Monday, December 19, 2011

T&U LASH YOUR NIPPLES TO A POST/HISTORY IS GORGEOUS by JARED SCHICKLING

MARY KASIMOR Reviews

t&u&/lash your nipples to a post/history is gorgeous by Jared Schickling
(BlazeVOX Books, Buffalo, N.Y., 2011)

The written language has never been straightforward, but as a writing instructor, I have always insisted on clarity in my students' writing. Clarity usually means simplicity, and that can be the preferred way of getting a message out to the audience. However, if you are a reader of experimental poetry, you rarely expect the language and the meanings that the poet is attempting to convey to be simple or straightforward. There is no paradigm where poetry as experimental as Jared Schickling's can be explained. Certainly, his book, t&u&, is hardly an easy read. I would compare it to looking at a cubist painting and trying to make sense out of that; it is difficult but intriguing. I was many times stuck and/or confused, trying to figure out what Schickling was doing with the poems. At times I was not able to discern where a poem began and ended. I suspect that Schickling is purposely unclear so that the reader has to pause to consider how the language, the line breaks, and the uncertainty of the language all work together to give the reader a view of the land, nature, or the natural development of the poems. He also moves from an impersonal to a personal voice. Certainly, it is not poetry as many people expect it, and it is not the accessible poetry that most people only read. I was grateful that he supplied what he referred to at the end of the book as, INDUSTRY THANK-YOUS. Whether he meant this ironically or tongue-in-cheek, it did help me understand some of his ideas. His ideas and the "codes" that he uses to explain these ideas are integral to each other.

In his poems, Schickling is incorporating scientific inquiry with a more personal and subjective voice.
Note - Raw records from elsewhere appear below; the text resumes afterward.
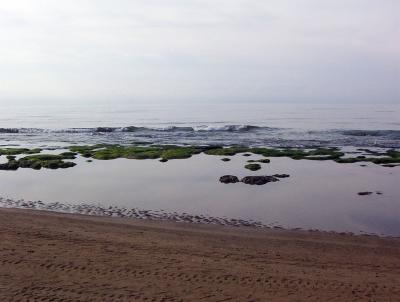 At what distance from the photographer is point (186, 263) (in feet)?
37.6

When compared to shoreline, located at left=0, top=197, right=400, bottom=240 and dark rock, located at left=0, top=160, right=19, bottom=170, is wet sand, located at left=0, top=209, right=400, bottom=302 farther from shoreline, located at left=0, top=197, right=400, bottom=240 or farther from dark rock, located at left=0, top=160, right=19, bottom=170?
dark rock, located at left=0, top=160, right=19, bottom=170

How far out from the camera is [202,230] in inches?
615

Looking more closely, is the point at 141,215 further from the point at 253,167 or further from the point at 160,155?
the point at 160,155

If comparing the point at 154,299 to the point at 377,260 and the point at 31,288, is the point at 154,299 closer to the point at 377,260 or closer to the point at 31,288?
the point at 31,288

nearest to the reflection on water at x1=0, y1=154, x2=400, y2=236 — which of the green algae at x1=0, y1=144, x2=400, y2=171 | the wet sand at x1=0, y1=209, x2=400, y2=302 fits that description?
the green algae at x1=0, y1=144, x2=400, y2=171

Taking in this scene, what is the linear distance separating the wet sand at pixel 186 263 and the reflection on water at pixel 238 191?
2336 mm

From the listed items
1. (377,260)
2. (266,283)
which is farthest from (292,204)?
(266,283)

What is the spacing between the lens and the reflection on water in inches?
701

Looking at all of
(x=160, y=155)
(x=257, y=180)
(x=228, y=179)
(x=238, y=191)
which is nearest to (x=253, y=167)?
(x=228, y=179)

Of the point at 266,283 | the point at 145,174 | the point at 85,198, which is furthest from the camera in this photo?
the point at 145,174

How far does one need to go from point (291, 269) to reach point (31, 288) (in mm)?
5922

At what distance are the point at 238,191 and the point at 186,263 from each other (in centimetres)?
1082

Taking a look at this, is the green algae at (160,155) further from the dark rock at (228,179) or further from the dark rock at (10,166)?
the dark rock at (228,179)

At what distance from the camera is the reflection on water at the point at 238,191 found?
1781 cm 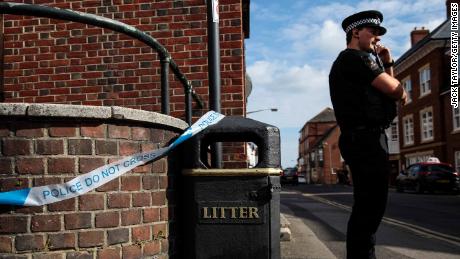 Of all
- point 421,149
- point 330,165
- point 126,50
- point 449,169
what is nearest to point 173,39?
point 126,50

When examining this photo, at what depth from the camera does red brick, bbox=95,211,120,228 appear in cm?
274

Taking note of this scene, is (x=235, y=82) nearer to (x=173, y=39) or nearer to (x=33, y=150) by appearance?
(x=173, y=39)

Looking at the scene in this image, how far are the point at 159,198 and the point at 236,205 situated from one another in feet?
1.54

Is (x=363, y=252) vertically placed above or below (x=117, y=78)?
below

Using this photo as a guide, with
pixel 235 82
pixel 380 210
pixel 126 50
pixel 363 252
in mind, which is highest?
pixel 126 50

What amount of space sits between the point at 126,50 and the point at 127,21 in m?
0.34

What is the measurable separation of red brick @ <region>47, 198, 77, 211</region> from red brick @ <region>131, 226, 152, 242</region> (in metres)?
0.39

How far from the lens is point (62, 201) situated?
8.72ft

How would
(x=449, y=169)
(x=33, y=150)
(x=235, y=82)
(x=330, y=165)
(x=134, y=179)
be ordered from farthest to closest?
(x=330, y=165) < (x=449, y=169) < (x=235, y=82) < (x=134, y=179) < (x=33, y=150)

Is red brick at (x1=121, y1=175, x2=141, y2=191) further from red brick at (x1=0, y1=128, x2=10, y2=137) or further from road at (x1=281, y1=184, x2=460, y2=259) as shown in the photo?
road at (x1=281, y1=184, x2=460, y2=259)

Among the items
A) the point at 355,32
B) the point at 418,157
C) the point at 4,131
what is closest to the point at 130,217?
the point at 4,131

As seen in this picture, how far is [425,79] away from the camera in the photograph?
32906 mm

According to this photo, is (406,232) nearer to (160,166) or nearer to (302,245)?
(302,245)

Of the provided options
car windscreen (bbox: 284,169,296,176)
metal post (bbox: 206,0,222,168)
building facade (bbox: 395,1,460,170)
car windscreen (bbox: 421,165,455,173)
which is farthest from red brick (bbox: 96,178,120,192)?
car windscreen (bbox: 284,169,296,176) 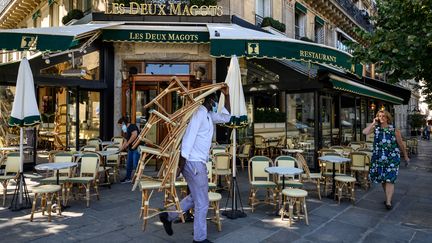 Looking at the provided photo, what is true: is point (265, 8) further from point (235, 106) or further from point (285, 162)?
point (235, 106)

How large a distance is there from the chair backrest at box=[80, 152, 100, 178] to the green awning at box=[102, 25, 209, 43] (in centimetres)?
454

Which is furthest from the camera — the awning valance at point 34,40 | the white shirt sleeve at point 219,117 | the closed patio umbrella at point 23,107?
the awning valance at point 34,40

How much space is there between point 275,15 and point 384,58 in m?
9.29

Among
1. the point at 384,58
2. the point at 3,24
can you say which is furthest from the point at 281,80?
the point at 3,24

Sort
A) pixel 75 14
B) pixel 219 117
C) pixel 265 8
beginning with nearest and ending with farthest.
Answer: pixel 219 117, pixel 75 14, pixel 265 8

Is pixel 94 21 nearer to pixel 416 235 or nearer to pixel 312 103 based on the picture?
pixel 312 103

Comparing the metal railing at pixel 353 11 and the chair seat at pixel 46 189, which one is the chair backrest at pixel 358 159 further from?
the metal railing at pixel 353 11

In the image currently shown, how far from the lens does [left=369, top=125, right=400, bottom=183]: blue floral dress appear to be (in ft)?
18.8

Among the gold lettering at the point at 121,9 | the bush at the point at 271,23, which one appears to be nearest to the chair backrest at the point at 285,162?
the gold lettering at the point at 121,9

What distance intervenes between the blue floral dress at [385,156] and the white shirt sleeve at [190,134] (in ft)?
12.9

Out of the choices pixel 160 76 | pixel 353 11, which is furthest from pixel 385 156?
pixel 353 11

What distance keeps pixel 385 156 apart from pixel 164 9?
8242 millimetres

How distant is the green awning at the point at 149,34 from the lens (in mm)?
9531

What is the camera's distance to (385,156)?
5.79 m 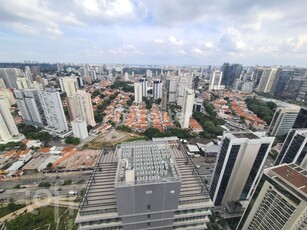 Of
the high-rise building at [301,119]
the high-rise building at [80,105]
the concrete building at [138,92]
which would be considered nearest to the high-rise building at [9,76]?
the high-rise building at [80,105]

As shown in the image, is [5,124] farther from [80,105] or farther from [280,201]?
[280,201]

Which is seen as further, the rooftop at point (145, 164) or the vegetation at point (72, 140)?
the vegetation at point (72, 140)

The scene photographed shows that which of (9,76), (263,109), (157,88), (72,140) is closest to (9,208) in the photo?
(72,140)

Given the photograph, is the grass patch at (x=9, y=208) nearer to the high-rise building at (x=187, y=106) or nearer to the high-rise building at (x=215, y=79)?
the high-rise building at (x=187, y=106)

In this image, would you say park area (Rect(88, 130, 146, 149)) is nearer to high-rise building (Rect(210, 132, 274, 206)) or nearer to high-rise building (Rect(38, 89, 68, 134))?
high-rise building (Rect(38, 89, 68, 134))

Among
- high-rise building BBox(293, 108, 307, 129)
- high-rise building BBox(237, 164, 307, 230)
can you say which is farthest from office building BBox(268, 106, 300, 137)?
high-rise building BBox(237, 164, 307, 230) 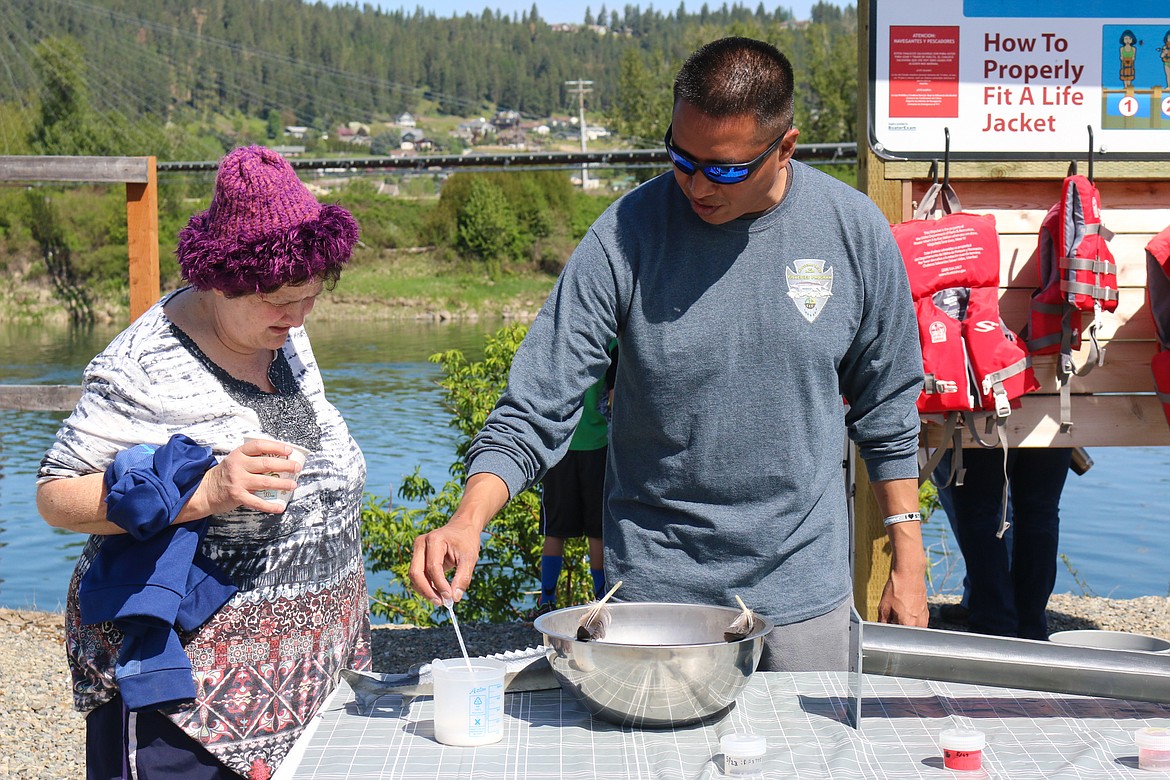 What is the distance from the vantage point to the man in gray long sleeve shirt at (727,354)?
188 centimetres

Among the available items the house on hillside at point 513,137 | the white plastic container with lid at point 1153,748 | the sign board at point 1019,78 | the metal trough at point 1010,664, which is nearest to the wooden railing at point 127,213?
the sign board at point 1019,78

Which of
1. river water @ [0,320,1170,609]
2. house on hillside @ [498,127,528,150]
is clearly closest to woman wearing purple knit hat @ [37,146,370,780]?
river water @ [0,320,1170,609]

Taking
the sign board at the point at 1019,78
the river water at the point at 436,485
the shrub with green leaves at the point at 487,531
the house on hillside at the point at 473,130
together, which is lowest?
the river water at the point at 436,485

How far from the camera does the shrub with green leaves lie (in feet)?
15.4

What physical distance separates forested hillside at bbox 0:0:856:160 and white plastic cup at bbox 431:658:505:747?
152 feet

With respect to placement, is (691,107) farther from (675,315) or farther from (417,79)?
(417,79)

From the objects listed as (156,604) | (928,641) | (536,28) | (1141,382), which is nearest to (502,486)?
(156,604)

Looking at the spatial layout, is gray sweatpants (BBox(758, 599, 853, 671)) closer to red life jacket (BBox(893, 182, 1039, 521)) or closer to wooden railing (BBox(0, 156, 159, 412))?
red life jacket (BBox(893, 182, 1039, 521))

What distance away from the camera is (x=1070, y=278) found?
3064 mm

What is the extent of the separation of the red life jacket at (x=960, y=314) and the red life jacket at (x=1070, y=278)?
12cm

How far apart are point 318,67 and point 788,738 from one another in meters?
118

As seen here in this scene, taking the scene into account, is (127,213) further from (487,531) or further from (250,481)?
(250,481)

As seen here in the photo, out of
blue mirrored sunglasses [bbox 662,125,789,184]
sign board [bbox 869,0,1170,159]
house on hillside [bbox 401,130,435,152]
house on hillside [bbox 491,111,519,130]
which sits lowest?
blue mirrored sunglasses [bbox 662,125,789,184]

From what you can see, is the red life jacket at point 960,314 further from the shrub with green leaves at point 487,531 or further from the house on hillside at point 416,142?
the house on hillside at point 416,142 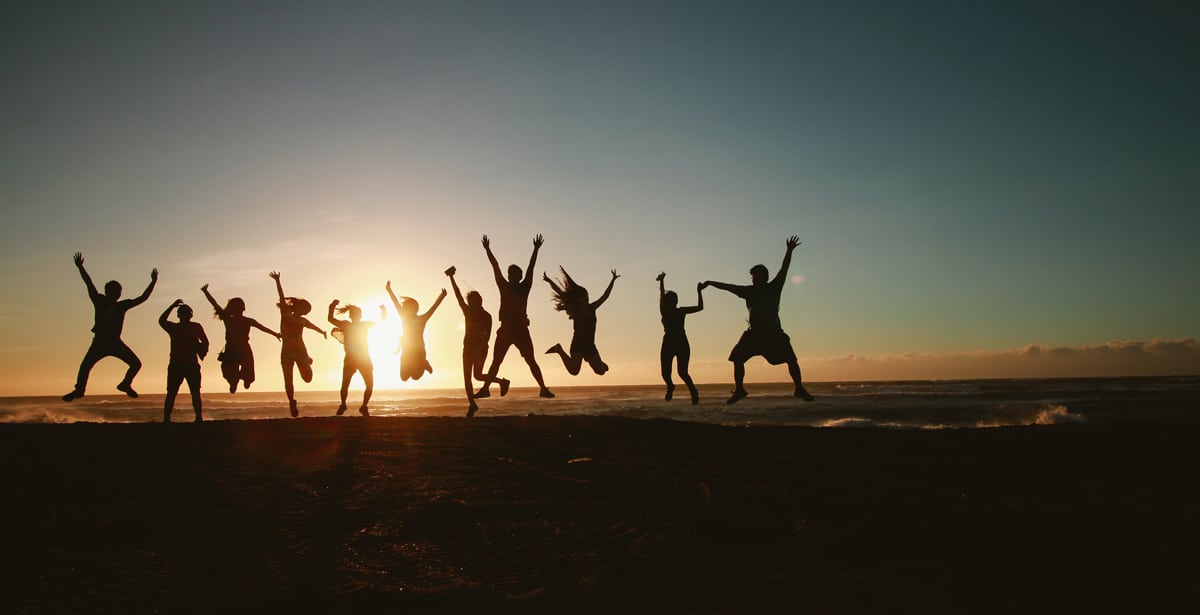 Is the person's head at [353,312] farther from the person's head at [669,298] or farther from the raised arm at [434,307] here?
the person's head at [669,298]

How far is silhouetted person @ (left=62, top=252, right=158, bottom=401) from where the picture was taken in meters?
12.0

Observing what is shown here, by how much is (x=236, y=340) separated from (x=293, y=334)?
1.09m

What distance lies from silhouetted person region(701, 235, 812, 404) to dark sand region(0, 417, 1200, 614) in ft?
5.60

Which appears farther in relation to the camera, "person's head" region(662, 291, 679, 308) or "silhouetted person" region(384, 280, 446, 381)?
"silhouetted person" region(384, 280, 446, 381)

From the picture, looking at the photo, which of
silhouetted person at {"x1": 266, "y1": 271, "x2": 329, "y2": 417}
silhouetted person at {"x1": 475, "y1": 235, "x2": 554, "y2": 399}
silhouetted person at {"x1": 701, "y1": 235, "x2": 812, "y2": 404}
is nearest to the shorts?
silhouetted person at {"x1": 701, "y1": 235, "x2": 812, "y2": 404}

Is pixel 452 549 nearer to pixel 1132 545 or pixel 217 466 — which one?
pixel 217 466

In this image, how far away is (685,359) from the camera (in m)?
11.5

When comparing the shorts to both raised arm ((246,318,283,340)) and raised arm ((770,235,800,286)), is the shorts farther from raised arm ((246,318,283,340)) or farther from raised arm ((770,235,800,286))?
raised arm ((246,318,283,340))

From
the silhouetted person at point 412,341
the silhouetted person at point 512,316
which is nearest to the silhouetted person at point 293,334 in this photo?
the silhouetted person at point 412,341

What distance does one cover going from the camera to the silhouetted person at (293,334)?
47.1ft

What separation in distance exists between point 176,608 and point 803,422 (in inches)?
1029

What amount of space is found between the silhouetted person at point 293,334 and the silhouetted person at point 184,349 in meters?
1.49

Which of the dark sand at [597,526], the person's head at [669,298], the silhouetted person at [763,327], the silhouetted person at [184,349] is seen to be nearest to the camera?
the dark sand at [597,526]

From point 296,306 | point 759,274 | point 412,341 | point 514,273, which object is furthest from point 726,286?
point 296,306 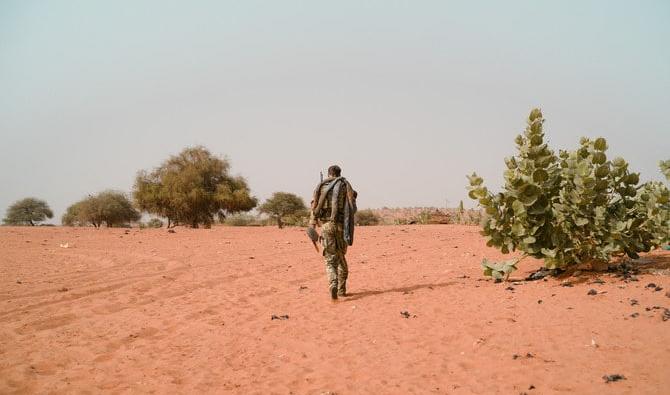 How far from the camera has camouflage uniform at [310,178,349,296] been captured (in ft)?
24.8

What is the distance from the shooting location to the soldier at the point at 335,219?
7.59m

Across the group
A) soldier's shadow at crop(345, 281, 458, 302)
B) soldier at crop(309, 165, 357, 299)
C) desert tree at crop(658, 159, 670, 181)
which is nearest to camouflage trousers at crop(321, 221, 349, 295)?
soldier at crop(309, 165, 357, 299)

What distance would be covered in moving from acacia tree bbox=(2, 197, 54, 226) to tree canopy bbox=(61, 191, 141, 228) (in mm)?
4123

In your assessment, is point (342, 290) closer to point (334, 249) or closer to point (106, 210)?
point (334, 249)

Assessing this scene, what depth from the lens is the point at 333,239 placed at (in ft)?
24.8

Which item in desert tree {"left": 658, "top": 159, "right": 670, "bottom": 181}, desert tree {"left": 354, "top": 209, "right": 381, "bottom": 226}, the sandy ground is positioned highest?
desert tree {"left": 658, "top": 159, "right": 670, "bottom": 181}

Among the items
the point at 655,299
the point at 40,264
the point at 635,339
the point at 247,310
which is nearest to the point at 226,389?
the point at 247,310

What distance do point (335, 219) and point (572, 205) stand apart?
3.59 m

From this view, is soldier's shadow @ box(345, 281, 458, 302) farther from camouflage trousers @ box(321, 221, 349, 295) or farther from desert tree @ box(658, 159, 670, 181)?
desert tree @ box(658, 159, 670, 181)

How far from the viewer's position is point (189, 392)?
4.33m

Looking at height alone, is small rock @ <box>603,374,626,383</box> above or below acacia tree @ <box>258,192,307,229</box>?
below

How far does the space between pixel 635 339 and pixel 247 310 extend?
5.13 metres

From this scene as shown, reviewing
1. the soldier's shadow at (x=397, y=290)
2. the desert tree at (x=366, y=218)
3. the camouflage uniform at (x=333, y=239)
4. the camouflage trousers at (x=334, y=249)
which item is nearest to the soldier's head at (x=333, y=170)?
the camouflage uniform at (x=333, y=239)

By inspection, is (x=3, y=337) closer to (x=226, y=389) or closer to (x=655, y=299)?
(x=226, y=389) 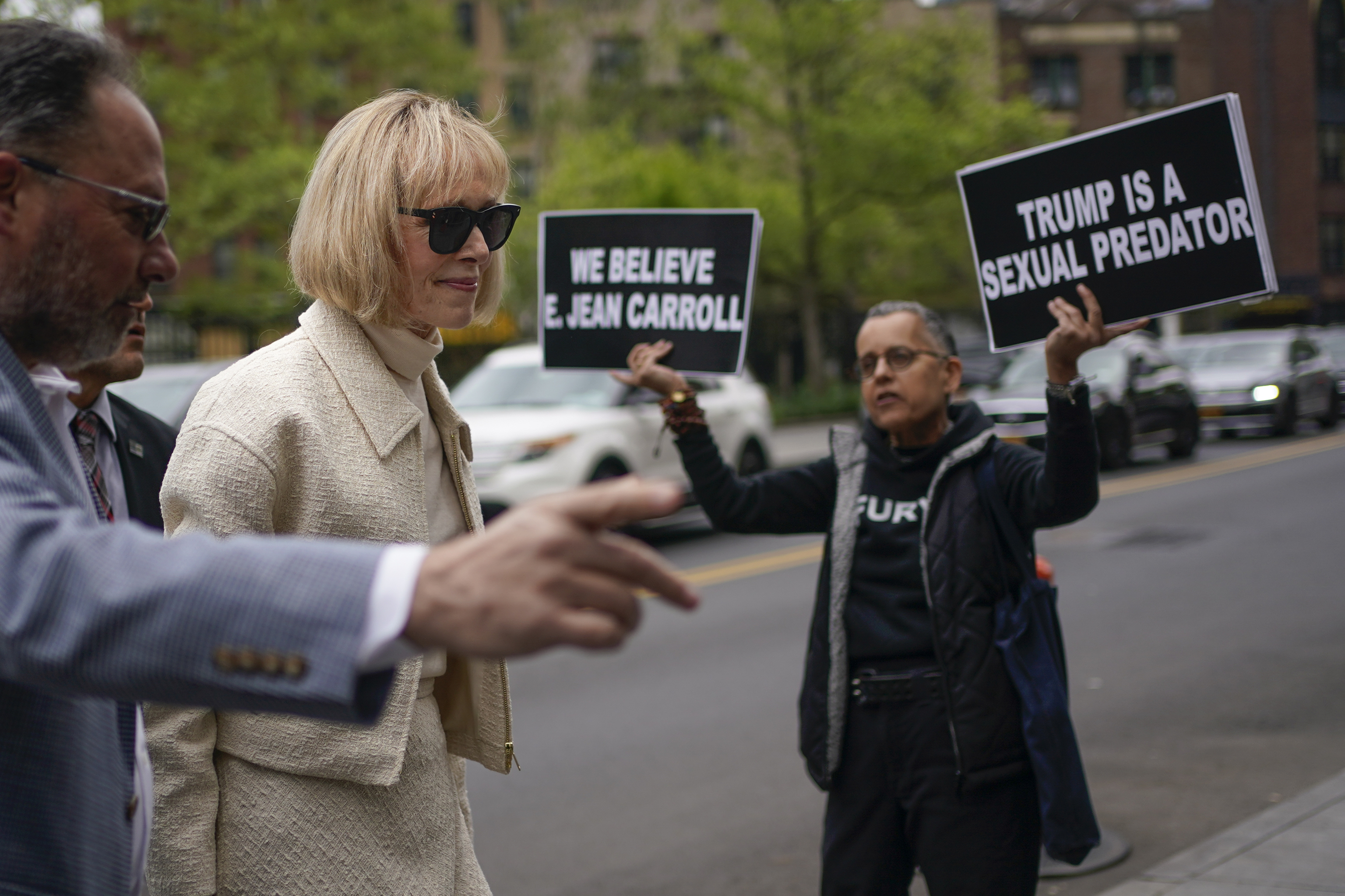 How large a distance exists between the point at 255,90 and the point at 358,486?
26.7 meters

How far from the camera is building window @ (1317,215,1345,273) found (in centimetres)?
773

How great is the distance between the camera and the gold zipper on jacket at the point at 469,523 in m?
2.40

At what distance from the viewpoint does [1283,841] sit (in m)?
4.53

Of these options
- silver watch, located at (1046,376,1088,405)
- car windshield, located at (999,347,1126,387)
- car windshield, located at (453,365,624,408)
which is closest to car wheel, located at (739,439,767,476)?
car windshield, located at (453,365,624,408)

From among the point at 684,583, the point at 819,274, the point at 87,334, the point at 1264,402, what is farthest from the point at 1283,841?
the point at 819,274

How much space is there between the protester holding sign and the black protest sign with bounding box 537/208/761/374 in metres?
0.46

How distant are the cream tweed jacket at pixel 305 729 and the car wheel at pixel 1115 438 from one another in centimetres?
1527

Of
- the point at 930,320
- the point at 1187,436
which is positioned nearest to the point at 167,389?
the point at 930,320

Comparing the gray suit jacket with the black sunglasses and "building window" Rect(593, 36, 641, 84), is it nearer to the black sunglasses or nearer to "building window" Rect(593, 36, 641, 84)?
the black sunglasses

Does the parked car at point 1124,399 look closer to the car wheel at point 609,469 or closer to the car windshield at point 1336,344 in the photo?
the car windshield at point 1336,344

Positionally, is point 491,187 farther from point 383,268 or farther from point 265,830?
point 265,830

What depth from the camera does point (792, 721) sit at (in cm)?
682

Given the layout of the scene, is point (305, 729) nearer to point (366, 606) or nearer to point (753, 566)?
point (366, 606)

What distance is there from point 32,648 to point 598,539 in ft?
1.53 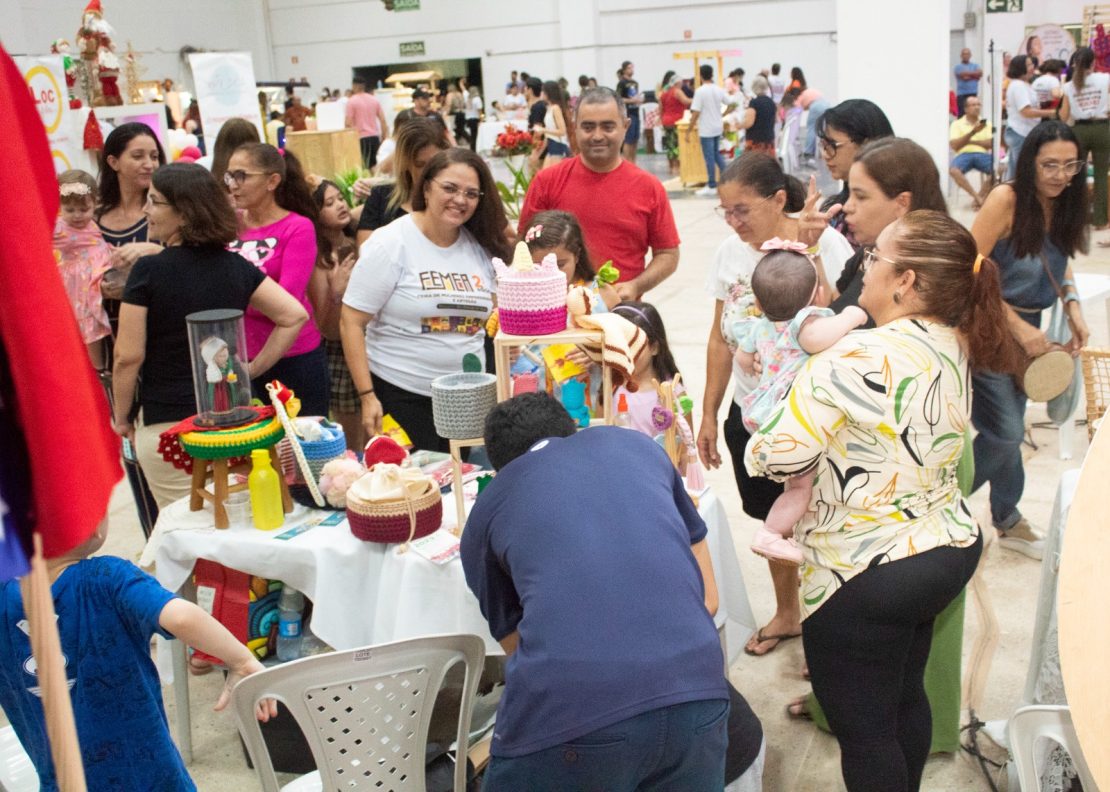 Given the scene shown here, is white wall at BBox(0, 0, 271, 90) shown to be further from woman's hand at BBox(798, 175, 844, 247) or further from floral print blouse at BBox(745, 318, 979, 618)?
floral print blouse at BBox(745, 318, 979, 618)

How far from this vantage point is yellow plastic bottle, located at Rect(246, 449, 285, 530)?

The first poem, "EPIPHYTIC," and the last poem, " NATIONAL WILDLIFE REFUGE," are both located within the concerns of the ecologist/environmentalist. Those concerns include (most importantly) the land and the land free from consumerism. In the poem, "EPIPHYTIC," Schickling explains how different the natural world would be (naturally) maintained if it were free from human consumerism: "If you got rid of the pressure to build to consume upon consuming/more/ways of//building then labor would not be obsolete this mosquito would be/natural..." "NATIONAL WILDLIFE REFUGE," gives the reader a sense of hopefulness when this short poems ends, "is migrating/geese/at dawn." He includes three words, pressure, petroleum, and pablum, in the right hand margin that can be interpreted within the text in different ways, since they contribute to the emotional sense of the poem.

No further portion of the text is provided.